Lone wolf feeds on cow carcasses near Baker City Airport

Published 9:00 am Thursday, March 16, 2023

BAKER CITY — A young, lone male wolf has been venturing into the eastern part of Baker Valley, near the airport, and feeding on the carcasses of two cows over the past several days.

Brian Ratliff worries that the wolf, which was born in the spring of 2022 in the Lookout Mountain area, might seek fresher meat when the carrion is no longer available.

“If we can nip this in the bud,” Ratliff, district wildlife biologist at the Oregon Department of Fish and Wildlife office in Baker City, said. “He hasn’t attacked any livestock, but my concern is that he will.”

The wolf, one of the last litter of pups born to the former Lookout Mountain Pack in southeastern Baker County, was trapped in January of this year and fitted with a GPS collar that allows biologists to monitor its movements.

The Lookout Mountain Pack no longer exists, as both its breeding male and female are dead. The remnants of the pack are four pups born in spring 2022, and a wolf born the previous spring, Ratliff said.

Three of those pups, and the nearly 2-year-old wolf, all have tracking collars.

The wolf that has been feeding on carcasses in Baker Valley weighed about 75 pounds when it was trapped and collared. The wolf has black fur.

Ratliff said that when the wolf first came into Baker Valley on Thursday, March 9, he notified landowners whose properties the wolf crossed.

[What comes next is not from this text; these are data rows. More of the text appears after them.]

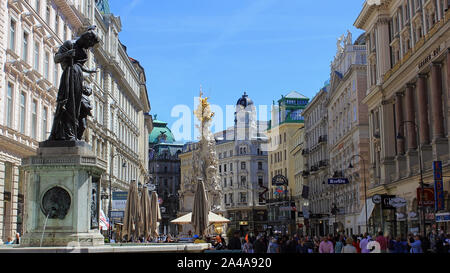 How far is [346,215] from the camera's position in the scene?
218 ft

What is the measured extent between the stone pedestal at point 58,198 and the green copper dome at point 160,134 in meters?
149

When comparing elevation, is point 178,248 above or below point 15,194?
below

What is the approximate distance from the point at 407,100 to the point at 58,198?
3585 cm

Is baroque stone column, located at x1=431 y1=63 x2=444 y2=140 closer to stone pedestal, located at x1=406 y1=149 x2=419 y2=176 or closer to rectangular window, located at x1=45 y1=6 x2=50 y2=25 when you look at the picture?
stone pedestal, located at x1=406 y1=149 x2=419 y2=176

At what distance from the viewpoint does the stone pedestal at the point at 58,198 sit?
12867 millimetres

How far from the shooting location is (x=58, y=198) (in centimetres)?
1298

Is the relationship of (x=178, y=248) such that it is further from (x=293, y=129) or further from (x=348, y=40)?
(x=293, y=129)

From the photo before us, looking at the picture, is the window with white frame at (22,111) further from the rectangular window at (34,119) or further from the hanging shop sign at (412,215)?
the hanging shop sign at (412,215)

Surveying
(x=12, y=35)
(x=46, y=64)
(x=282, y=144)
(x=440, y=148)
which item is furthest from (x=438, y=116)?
(x=282, y=144)

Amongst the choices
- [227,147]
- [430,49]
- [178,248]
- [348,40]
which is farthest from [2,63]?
[227,147]

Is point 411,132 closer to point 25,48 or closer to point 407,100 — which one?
point 407,100

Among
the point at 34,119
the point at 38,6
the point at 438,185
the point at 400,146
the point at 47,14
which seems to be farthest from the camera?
the point at 400,146

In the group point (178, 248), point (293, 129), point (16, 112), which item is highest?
point (293, 129) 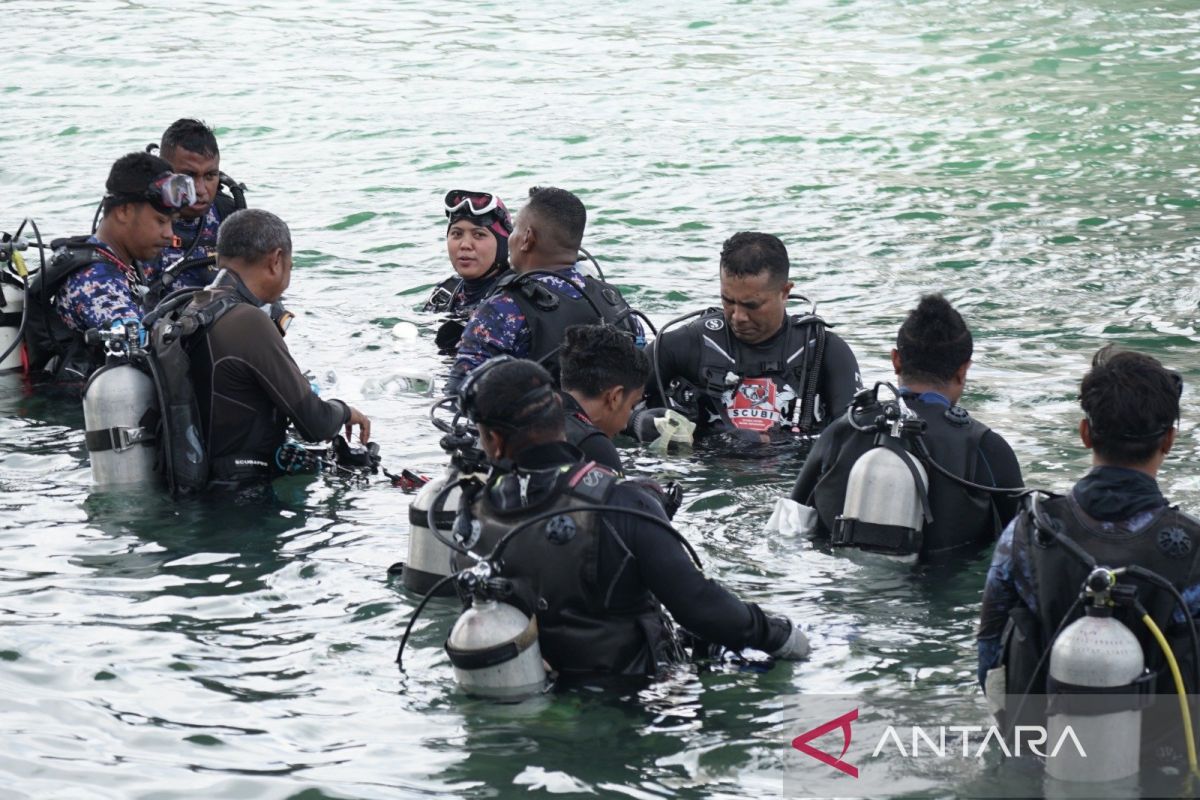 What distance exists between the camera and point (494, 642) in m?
4.45

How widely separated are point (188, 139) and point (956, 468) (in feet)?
16.8

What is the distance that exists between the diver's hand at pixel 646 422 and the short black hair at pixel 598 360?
198 cm

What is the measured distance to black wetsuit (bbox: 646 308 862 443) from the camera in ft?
23.9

Initially it wasn’t clear why the wolf had moved into the valley, albeit only at night, according to GPS data, Ratliff said.

There haven’t been any reports of livestock being attacked.

But Ratliff said he learned, after talking to two property owners and comparing GPS data, that the wolf had been feeding on cow carcasses.

He said he has talked with the property owners, one of whom has a dead horse, and they are working to bury the carcasses.

Ratliff said wolves can smell carcasses from more than a mile away, and unburied cattle have attracted wolves in other parts of the county in past years.

He said he hazed the lone wolf twice while on helicopter flights to count deer over the past few days.

But the wolf has continued to return to the carcasses at night.

“He does not want to leave,” Ratliff said. “It’s not a good spot (for a wolf).”

Ratliff said the wolf has moved through pastures with cows and newborn calves, and also passed a sheep pen with baby lambs, but apparently the wolf was intent on feeding on the carcasses.

Ideally, when the carcasses are buried, the wolf will move elsewhere, Ratliff said, but with calves and lambs in the valley, he’s concerned the wolf will instead start preying on livestock.

Prior to coming to Baker Valley, the wolf had “been all over the place,” Ratliff said, including north of Halfway.

Ratliff said he’s optimistic about a project to create a carcass composting operation at Baker Sanitary Service’s landfill that would help ranchers dispose of dead animals.

That composting service could start late this year, he said.